START PROVIDED MATERIAL

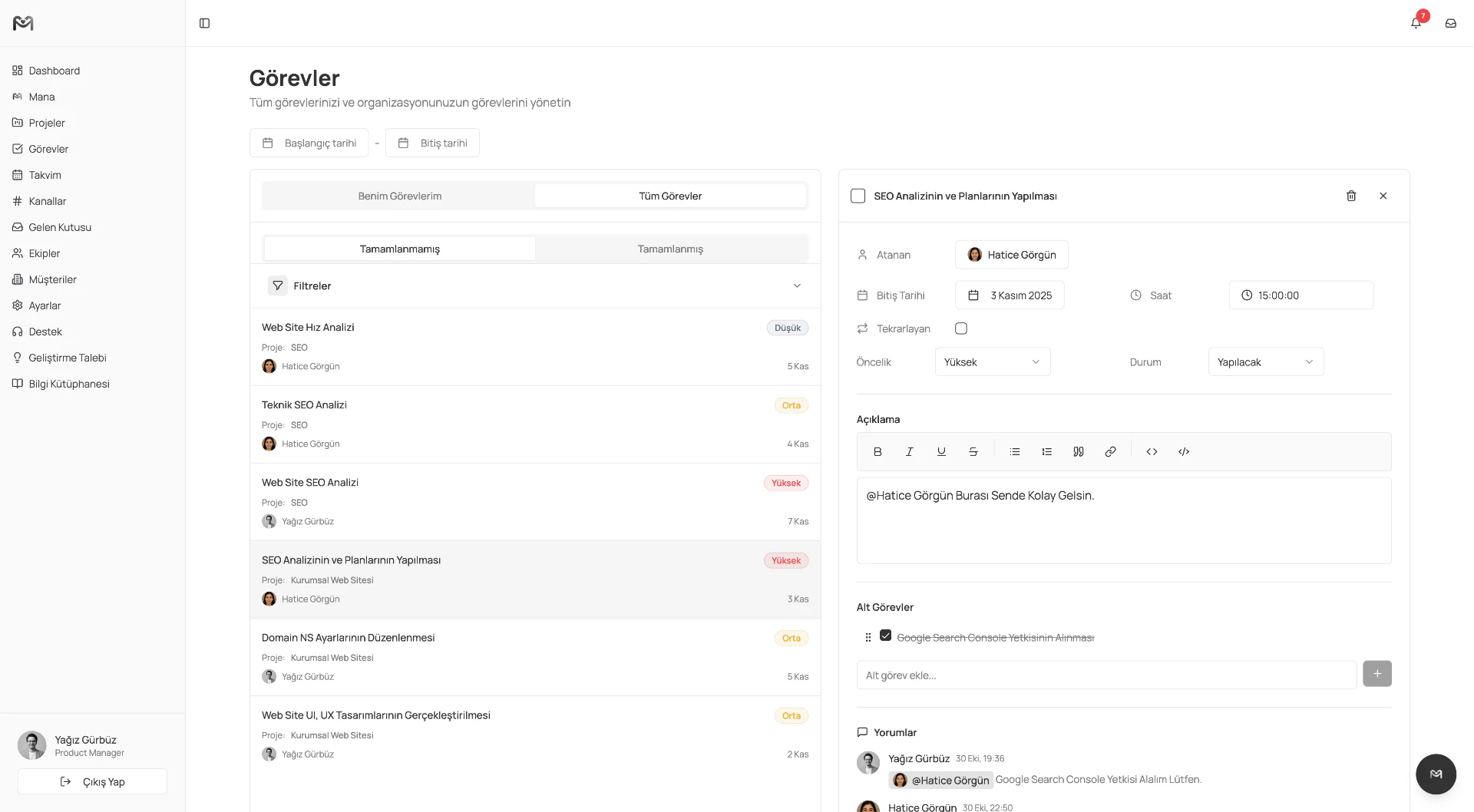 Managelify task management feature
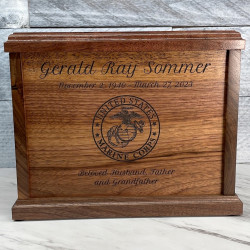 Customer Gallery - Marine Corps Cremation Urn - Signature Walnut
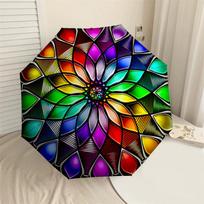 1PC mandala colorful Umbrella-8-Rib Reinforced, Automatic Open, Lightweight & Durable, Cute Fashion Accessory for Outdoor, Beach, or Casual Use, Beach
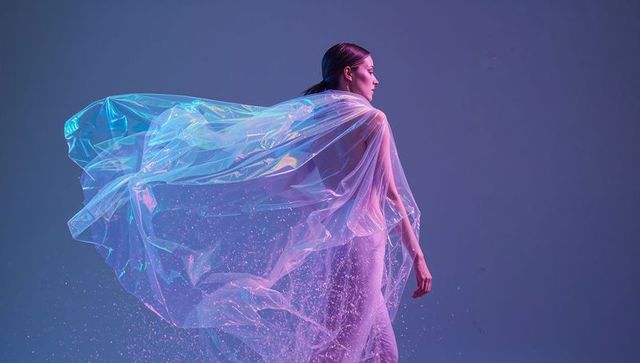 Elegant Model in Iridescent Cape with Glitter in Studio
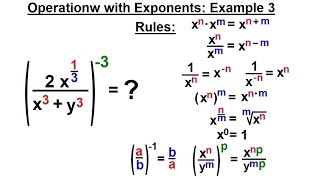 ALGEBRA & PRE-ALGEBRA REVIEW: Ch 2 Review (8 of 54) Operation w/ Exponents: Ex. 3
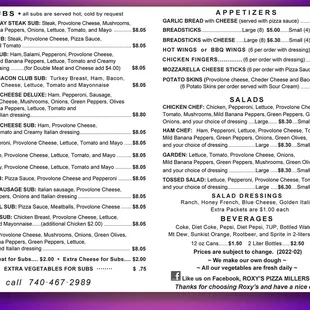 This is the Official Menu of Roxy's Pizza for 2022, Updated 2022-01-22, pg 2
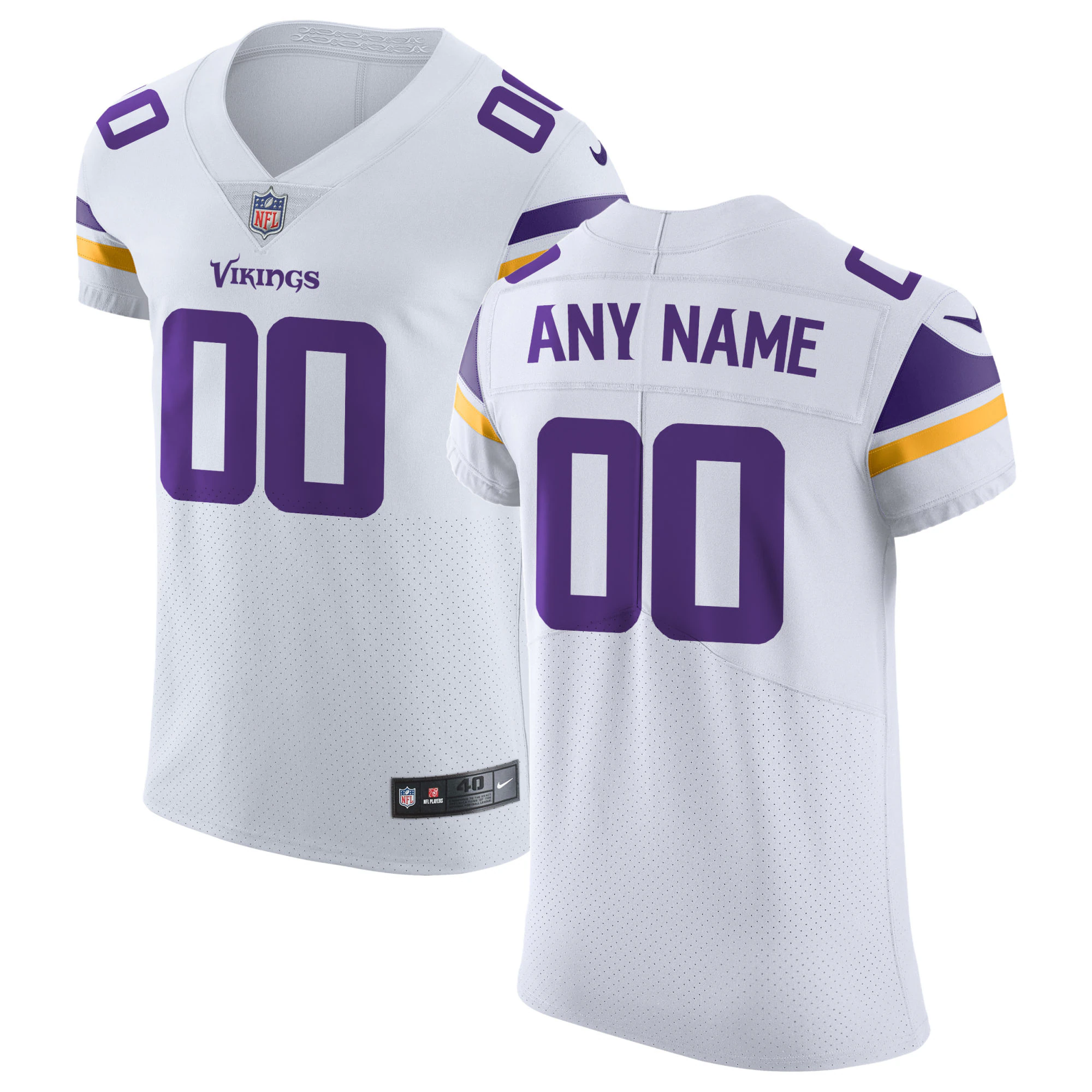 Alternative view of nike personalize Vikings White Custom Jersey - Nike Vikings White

END PROVIDED MATERIAL
START PROVIDED MATERIAL

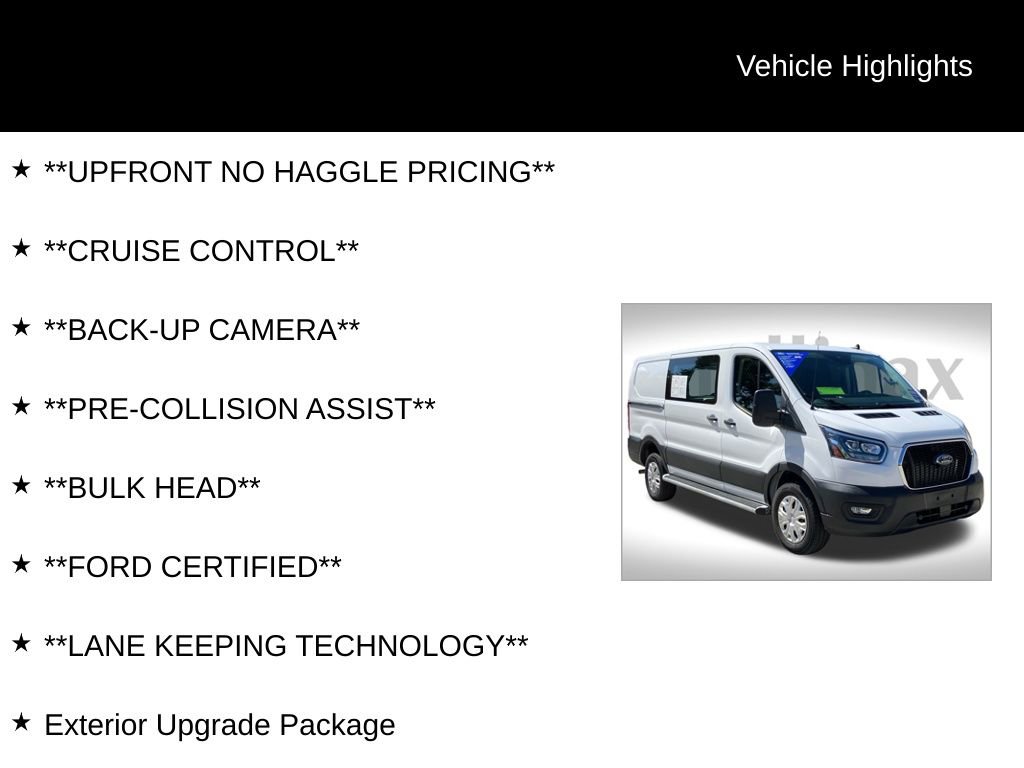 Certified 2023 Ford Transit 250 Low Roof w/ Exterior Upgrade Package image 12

END PROVIDED MATERIAL
START PROVIDED MATERIAL

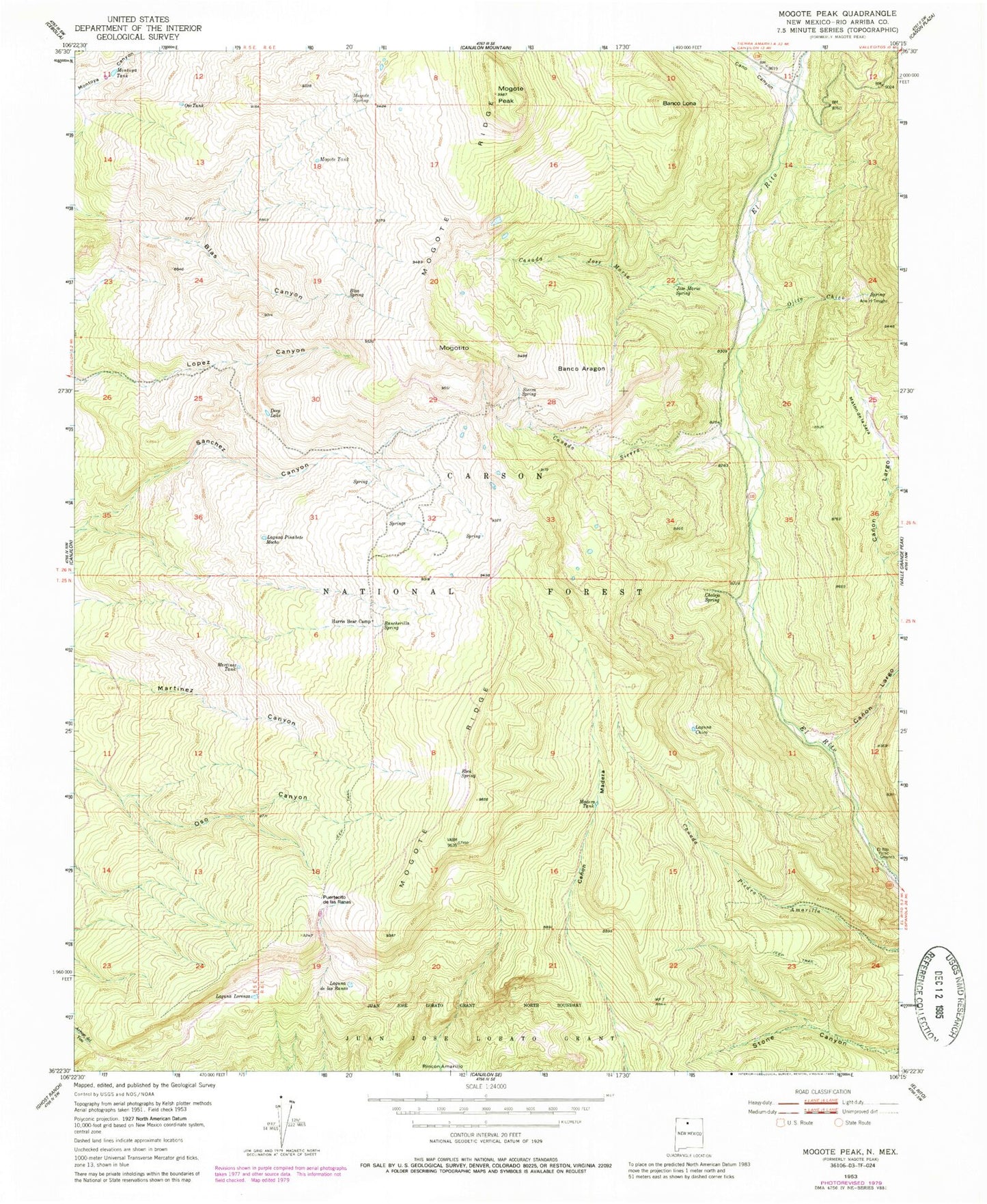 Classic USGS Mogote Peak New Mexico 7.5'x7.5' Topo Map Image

END PROVIDED MATERIAL

*EXERCISE DETAILS:* Among the lines above, the one with "Managelify task management feature" opens the part to repeat and the one with "Alternative view of" closes it; repeat only that part exactly, with no pictures.

*OUTPUT FOR THIS TASK:*
 Managelify task management feature
 Customer Gallery - Marine Corps Cremation Urn - Signature Walnut
 1PC mandala colorful Umbrella-8-Rib Reinforced, Automatic Open, Lightweight & Durable, Cute Fashion Accessory for Outdoor, Beach, or Casual Use, Beach
 Elegant Model in Iridescent Cape with Glitter in Studio
 ALGEBRA & PRE-ALGEBRA REVIEW: Ch 2 Review (8 of 54) Operation w/ Exponents: Ex. 3
 This is the Official Menu of Roxy's Pizza for 2022, Updated 2022-01-22, pg 2
 Alternative view of nike personalize Vikings White Custom Jersey - Nike Vikings White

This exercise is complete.